Here are a set of datasets and metrics this library provides:

  • 🗂️ Datasets: ready-to-use splits for procedural and real-world graphs
    • Procedural datasets: PlanarLGraphDataset, SBMLGraphDataset, LobsterLGraphDataset
    • Real-world: QM9, MOSES, Guacamol, DobsonDoigGraphDataset, ModelNet10GraphDataset
    • Also: EgoGraphDataset, PointCloudGraphDataset
  • 📊 Metrics: unified, fit-once/compute-many interface with convenience wrappers, avoiding redundant computations.
    • MMD2: GaussianTVMMD2Benchmark, RBFMMD2Benchmark
    • Kernel hyperparameter optimization with MaxDescriptorMMD2.
    • PolyGraphDiscrepancy: StandardPGD, MolecularPGD (for molecule descriptors).
    • Validation/Uniqueness/Novelty: VUN.
    • Uncertainty quantification for benchmarking (GaussianTVMMD2BenchmarkInterval, RBFMMD2Benchmark, PGD5Interval)
  • 🧩 Extendable: Users can instantiate custom metrics by specifying descriptors, kernels, or classifiers (PolyGraphDiscrepancy, DescriptorMMD2). PolyGraph defines all necessary interfaces but imposes no requirements on the data type of graph objects.
  • ⚙️ Interoperability: Works on Apple Silicon Macs and Linux.
  • Tested, type checked and documented
⚠️ Important - Dataset Usage Warning

To help reproduce previous results, we provide the following datasets:

  • PlanarGraphDataset
  • SBMGraphDataset
  • LobsterGraphDataset

But they should not be used for benchmarking, due to unreliable metric estimates (see our paper for more details).

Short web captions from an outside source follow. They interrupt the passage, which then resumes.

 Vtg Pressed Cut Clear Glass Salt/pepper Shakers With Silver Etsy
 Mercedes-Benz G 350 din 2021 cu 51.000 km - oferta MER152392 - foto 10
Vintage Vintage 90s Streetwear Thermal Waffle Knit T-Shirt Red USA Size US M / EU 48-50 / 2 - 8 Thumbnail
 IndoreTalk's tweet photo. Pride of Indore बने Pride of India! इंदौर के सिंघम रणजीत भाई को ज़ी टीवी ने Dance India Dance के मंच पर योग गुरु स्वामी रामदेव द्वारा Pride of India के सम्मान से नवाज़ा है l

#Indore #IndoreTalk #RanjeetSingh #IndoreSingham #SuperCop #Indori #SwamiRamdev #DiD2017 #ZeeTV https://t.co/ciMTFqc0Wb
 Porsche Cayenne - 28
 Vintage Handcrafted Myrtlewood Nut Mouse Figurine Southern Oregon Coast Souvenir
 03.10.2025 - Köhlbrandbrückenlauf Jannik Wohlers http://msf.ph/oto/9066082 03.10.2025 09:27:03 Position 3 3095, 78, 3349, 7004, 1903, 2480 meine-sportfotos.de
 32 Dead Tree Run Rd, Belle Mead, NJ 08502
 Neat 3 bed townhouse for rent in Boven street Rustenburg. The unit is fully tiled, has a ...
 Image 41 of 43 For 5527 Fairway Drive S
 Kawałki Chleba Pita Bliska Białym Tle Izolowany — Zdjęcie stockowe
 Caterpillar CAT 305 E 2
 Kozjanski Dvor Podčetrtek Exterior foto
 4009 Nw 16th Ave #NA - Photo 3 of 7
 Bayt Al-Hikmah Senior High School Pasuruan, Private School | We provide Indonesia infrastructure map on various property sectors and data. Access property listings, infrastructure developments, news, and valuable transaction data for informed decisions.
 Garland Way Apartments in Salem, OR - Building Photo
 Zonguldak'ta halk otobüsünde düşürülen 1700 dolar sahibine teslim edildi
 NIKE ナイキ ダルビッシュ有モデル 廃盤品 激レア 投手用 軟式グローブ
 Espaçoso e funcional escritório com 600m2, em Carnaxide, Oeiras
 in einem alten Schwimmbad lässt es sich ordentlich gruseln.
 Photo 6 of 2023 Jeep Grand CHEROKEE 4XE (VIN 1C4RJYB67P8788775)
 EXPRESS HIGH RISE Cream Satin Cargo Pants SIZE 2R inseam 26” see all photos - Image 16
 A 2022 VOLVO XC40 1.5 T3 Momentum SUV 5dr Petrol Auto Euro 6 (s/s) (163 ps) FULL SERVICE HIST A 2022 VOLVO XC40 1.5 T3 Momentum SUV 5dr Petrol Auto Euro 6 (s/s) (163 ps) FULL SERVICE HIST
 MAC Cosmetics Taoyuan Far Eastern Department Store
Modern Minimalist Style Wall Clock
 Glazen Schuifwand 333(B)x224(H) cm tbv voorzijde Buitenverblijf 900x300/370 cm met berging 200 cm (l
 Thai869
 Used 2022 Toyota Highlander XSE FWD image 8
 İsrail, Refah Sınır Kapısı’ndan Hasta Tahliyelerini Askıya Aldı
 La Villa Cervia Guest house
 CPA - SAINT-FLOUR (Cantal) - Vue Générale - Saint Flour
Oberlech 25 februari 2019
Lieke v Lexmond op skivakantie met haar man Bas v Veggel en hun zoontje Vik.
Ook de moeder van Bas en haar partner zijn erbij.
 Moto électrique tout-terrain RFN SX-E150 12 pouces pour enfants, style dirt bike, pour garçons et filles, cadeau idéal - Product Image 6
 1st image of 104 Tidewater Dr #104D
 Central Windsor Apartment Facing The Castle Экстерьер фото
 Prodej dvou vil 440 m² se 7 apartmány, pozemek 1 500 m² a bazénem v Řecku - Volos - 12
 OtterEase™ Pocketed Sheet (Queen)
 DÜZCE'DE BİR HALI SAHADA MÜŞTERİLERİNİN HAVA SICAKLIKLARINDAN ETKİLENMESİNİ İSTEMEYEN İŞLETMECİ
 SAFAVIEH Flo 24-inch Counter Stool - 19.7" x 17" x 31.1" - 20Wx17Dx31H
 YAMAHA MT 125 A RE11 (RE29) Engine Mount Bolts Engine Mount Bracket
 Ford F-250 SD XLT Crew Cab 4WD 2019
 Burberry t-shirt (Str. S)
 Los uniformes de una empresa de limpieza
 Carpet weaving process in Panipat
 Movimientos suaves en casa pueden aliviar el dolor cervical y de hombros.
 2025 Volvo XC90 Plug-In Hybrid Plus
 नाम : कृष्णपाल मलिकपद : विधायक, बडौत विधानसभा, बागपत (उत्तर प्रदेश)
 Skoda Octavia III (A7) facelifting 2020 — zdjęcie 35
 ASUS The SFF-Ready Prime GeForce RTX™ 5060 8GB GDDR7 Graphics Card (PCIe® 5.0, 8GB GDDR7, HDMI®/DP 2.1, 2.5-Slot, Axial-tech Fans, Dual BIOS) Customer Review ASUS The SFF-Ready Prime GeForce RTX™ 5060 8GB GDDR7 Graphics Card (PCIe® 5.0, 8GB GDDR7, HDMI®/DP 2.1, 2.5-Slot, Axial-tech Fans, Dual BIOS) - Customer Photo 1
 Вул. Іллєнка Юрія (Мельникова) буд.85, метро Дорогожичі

We provide larger datasets that should be used instead:

  • PlanarLGraphDataset
  • SBMLGraphDataset
  • LobsterLGraphDataset

Tutorial

Our demo script showcases some features of our library in action.

Datasets

Instantiate a benchmark dataset as follows:

import networkx as nx
from polygraph.datasets import PlanarGraphDataset

reference = PlanarGraphDataset("test").to_nx()

# Let's also generate some graphs coming from another distribution.
generated = [nx.erdos_renyi_graph(64, 0.1) for _ in range(40)]

Metrics

Maximum Mean Discrepancy

To compute existing MMD2 formulations (e.g. based on the TV pseudokernel), one can use the following:

from polygraph.metrics import GaussianTVMMD2Benchmark # Can also be RBFMMD2Benchmark

gtv_benchmark = GaussianTVMMD2Benchmark(reference)

print(gtv_benchmark.compute(generated))  # {'orbit': ..., 'clustering': ..., 'degree': ..., 'spectral': ...}

PolyGraphDiscrepancy

Similarly, you can compute our proposed PolyGraphDiscrepancy, like so:

from polygraph.metrics import StandardPGD

pgd = StandardPGD(reference)
print(pgd.compute(generated)) # {'pgd': ..., 'pgd_descriptor': ..., 'subscores': {'orbit': ..., }}

pgd_descriptor provides the best descriptor used to report the final score.

Validity, uniqueness and novelty

VUN values follow a similar interface:

from polygraph.metrics import VUN
reference_ds = PlanarGraphDataset("test")
pgd = VUN(reference, validity_fn=reference_ds.is_valid, confidence_level=0.95) # if applicable, validity functions are defined as a dataset attribute
print(pgd.compute(generated))  # {'valid': ..., 'valid_unique_novel': ..., 'valid_novel': ..., 'valid_unique': ...}

Metric uncertainty quantification

For MMD and PGD, uncertainty quantifiation for the metrics are obtained through subsampling. For VUN, a confidence interval is obtained with a binomial test.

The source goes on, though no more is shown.